Goal of the exercise
Copy nothing before the line that contains "Transparent Auqua Phone Case with MagSafe"; from there, transcribe each line exactly through the end of the material, omitting pictures.

Data to process
....

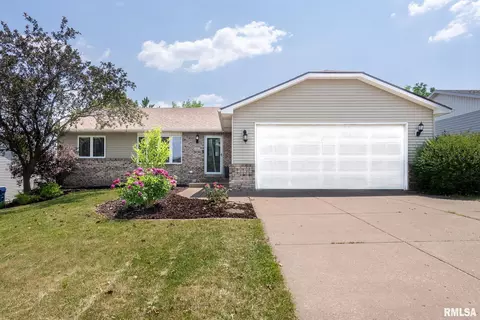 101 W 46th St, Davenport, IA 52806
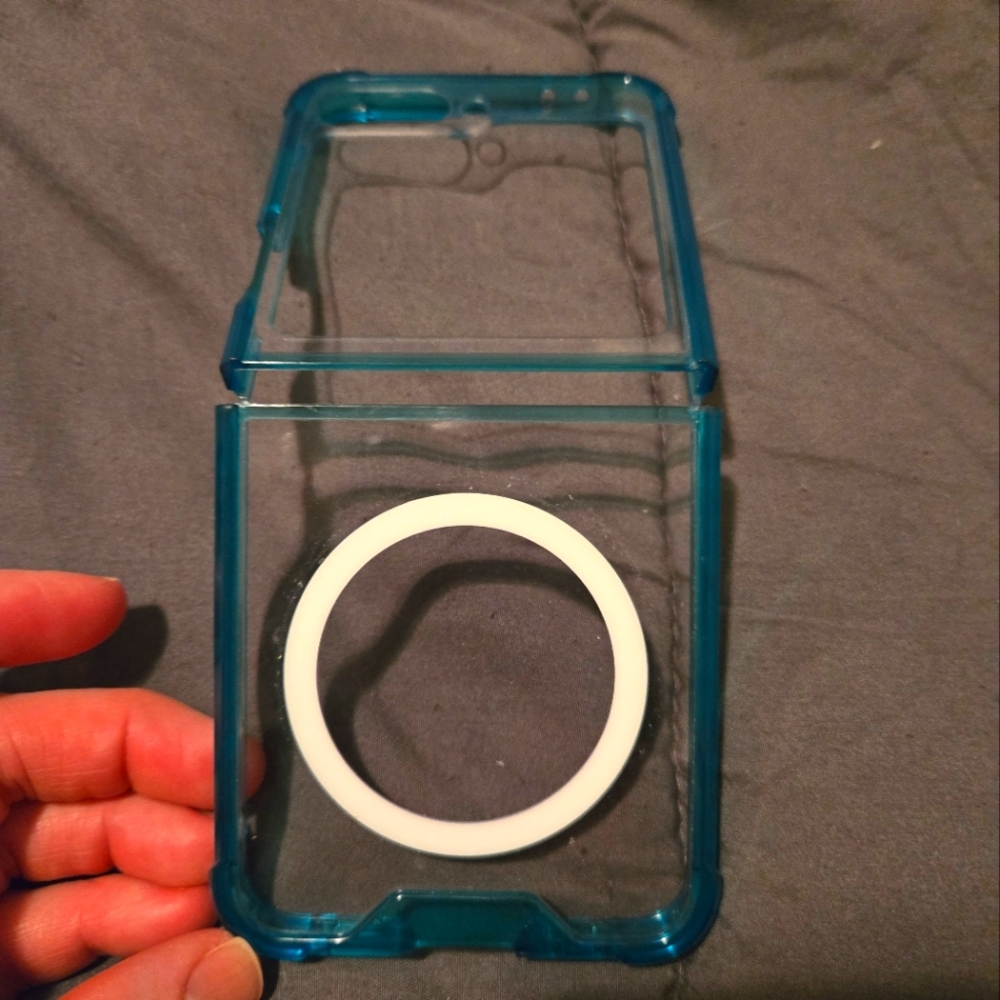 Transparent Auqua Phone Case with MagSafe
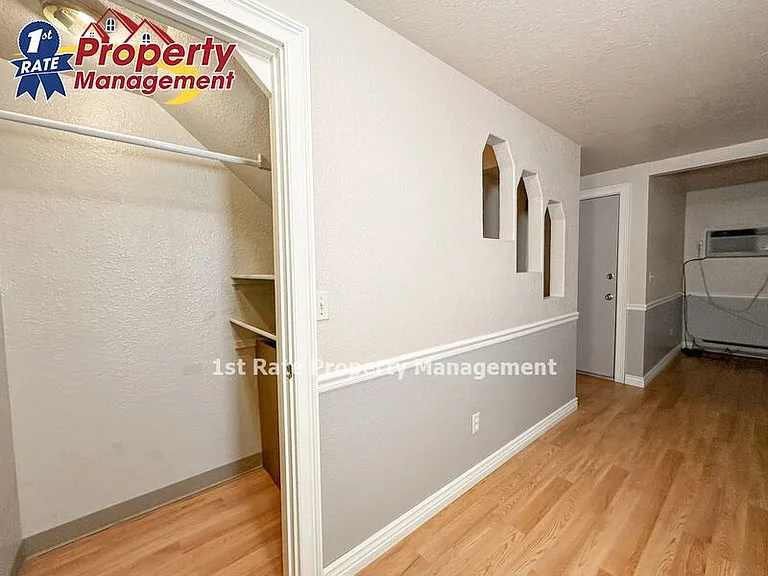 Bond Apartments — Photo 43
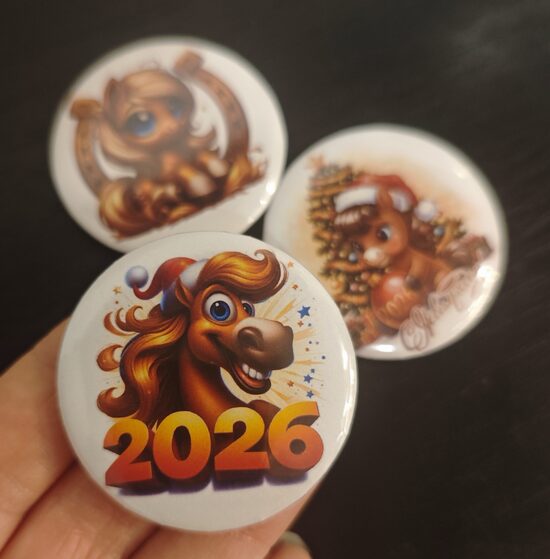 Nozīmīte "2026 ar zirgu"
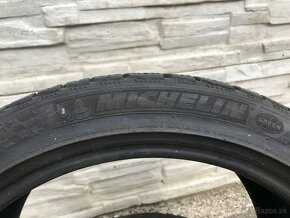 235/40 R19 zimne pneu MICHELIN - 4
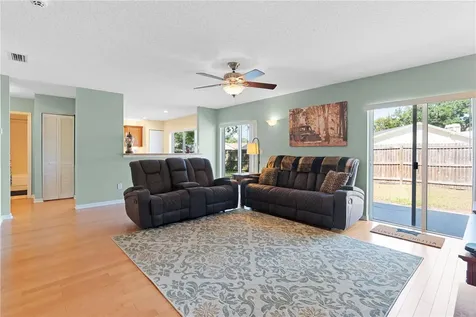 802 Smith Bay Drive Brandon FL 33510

....

Output below
 Transparent Auqua Phone Case with MagSafe
 Bond Apartments — Photo 43
 Nozīmīte "2026 ar zirgu"
 235/40 R19 zimne pneu MICHELIN - 4
 802 Smith Bay Drive Brandon FL 33510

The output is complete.